## EXERCISE
For the entries below, print exactly the lines between the line holding "Trapper Jacke L-XL in Blau: Vorderseite" and the line holding "Elena Flare Jeans In Navy", inclusive, and nothing else.

## DATASET ENTRIES
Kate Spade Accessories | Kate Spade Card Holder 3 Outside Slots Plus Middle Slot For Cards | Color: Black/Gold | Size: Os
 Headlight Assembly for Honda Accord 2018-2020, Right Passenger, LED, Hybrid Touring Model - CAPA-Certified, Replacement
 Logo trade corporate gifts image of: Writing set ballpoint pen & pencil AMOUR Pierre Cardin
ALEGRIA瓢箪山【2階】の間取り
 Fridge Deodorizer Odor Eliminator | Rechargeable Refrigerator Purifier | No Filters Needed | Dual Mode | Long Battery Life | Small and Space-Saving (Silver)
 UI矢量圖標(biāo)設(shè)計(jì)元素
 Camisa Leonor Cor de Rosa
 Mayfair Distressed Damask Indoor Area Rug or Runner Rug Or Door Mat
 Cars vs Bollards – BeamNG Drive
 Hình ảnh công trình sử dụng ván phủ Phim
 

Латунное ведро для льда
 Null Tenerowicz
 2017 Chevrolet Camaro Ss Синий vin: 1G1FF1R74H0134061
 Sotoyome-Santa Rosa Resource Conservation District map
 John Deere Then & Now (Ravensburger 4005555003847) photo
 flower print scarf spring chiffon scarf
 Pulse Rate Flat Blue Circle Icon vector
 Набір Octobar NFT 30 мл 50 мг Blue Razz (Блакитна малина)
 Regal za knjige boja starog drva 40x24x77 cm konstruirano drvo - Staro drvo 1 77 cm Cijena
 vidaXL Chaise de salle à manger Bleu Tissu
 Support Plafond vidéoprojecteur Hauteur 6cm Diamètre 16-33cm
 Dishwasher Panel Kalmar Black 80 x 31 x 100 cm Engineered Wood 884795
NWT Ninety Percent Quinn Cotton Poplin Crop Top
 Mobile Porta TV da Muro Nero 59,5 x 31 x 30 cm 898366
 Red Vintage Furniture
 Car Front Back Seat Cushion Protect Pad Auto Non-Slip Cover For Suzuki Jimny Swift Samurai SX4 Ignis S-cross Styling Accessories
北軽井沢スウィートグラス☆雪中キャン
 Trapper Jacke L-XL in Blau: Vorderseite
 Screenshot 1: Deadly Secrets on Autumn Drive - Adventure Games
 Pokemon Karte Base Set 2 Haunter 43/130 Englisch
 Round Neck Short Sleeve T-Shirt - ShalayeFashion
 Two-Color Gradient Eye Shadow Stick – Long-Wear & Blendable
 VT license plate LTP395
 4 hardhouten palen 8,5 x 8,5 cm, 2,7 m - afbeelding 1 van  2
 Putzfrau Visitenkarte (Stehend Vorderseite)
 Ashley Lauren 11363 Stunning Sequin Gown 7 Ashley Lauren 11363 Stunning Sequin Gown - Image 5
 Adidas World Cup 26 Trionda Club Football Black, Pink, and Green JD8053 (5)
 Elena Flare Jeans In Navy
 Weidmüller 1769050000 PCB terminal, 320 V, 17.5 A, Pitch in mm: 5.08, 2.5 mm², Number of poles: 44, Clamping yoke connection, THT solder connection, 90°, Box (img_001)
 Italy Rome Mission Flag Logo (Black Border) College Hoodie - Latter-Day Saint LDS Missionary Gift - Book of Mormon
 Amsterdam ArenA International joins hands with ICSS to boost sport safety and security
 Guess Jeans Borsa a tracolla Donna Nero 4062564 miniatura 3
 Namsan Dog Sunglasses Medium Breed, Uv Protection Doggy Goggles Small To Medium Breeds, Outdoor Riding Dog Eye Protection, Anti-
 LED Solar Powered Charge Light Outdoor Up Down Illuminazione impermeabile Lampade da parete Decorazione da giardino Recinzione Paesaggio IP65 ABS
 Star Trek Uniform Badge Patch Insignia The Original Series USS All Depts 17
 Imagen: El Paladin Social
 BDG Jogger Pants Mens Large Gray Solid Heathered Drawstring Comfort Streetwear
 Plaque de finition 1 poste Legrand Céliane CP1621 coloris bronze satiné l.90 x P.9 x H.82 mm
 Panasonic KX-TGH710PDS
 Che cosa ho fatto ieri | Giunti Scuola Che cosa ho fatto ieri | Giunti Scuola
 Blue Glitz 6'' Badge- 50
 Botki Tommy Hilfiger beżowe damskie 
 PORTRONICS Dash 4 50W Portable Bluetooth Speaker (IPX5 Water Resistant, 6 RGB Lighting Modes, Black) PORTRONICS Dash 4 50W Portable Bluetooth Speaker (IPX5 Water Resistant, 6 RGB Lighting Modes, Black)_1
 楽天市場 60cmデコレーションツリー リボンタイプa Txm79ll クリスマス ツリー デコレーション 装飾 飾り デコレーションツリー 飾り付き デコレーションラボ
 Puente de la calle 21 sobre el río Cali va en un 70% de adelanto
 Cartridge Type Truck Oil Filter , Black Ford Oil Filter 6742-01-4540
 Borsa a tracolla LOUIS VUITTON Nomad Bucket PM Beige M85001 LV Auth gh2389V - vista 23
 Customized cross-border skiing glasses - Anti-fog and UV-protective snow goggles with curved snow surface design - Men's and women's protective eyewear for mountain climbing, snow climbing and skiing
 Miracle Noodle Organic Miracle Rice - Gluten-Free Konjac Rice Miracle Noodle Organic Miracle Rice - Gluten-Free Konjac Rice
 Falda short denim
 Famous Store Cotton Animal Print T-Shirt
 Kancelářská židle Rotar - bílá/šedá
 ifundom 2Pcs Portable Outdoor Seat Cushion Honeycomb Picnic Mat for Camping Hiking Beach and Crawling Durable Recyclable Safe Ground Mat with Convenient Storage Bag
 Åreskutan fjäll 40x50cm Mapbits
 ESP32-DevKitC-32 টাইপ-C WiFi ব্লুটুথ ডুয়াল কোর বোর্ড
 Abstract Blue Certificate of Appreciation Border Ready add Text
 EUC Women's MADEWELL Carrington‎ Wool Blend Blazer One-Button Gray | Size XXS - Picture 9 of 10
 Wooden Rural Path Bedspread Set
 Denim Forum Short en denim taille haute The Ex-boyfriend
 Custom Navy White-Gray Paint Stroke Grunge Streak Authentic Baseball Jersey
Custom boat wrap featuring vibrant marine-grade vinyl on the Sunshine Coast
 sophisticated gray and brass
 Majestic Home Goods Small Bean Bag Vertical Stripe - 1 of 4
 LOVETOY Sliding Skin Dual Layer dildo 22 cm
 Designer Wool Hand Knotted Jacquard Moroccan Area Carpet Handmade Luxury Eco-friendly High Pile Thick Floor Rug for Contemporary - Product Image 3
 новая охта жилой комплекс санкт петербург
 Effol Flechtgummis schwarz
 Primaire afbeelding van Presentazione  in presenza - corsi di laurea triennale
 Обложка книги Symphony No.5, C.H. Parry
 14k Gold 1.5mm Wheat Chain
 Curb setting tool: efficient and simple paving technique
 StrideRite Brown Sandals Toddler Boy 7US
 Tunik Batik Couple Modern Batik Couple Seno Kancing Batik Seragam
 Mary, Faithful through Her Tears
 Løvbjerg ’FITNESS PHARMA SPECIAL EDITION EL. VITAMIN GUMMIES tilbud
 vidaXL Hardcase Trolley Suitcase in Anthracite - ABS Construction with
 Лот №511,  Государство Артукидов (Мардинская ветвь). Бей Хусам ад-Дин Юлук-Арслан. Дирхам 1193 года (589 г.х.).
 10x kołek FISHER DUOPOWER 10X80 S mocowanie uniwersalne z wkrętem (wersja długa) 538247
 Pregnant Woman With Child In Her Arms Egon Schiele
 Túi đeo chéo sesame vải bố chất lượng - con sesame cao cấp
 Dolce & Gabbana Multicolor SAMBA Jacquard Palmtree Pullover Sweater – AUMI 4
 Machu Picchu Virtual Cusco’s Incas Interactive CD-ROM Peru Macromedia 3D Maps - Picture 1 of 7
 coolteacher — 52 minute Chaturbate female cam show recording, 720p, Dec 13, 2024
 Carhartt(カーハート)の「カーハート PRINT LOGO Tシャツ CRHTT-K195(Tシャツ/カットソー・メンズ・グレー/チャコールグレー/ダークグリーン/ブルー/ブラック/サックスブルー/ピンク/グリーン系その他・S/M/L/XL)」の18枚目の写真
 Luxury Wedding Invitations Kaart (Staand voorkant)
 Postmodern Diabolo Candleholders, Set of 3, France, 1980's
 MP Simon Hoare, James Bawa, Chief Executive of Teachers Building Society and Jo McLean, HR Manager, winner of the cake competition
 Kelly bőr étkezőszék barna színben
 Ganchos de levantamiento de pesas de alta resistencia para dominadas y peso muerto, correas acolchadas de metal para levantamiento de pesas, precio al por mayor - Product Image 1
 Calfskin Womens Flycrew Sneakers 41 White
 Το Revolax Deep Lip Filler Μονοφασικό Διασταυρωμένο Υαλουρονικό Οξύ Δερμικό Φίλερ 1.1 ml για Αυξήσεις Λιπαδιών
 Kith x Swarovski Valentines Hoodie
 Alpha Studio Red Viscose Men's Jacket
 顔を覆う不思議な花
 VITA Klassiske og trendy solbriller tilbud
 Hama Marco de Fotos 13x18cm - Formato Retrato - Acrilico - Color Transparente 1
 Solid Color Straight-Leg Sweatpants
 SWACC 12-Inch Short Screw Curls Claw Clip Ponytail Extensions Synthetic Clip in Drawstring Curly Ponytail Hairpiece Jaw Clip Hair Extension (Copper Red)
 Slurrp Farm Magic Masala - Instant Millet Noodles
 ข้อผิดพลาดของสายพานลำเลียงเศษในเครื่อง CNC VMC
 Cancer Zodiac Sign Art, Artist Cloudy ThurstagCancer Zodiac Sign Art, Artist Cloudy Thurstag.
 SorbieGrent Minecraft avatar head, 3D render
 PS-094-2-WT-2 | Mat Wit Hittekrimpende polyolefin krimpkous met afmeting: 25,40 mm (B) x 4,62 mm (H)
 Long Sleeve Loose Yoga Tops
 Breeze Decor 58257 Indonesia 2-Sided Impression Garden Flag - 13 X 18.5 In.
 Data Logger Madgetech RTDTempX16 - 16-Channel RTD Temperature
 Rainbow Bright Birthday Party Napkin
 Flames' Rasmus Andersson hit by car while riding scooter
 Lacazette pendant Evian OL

## EXERCISE ANSWER
 Trapper Jacke L-XL in Blau: Vorderseite
 Screenshot 1: Deadly Secrets on Autumn Drive - Adventure Games
 Pokemon Karte Base Set 2 Haunter 43/130 Englisch
 Round Neck Short Sleeve T-Shirt - ShalayeFashion
 Two-Color Gradient Eye Shadow Stick – Long-Wear & Blendable
 VT license plate LTP395
 4 hardhouten palen 8,5 x 8,5 cm, 2,7 m - afbeelding 1 van  2
 Putzfrau Visitenkarte (Stehend Vorderseite)
 Ashley Lauren 11363 Stunning Sequin Gown 7 Ashley Lauren 11363 Stunning Sequin Gown - Image 5
 Adidas World Cup 26 Trionda Club Football Black, Pink, and Green JD8053 (5)
 Elena Flare Jeans In Navy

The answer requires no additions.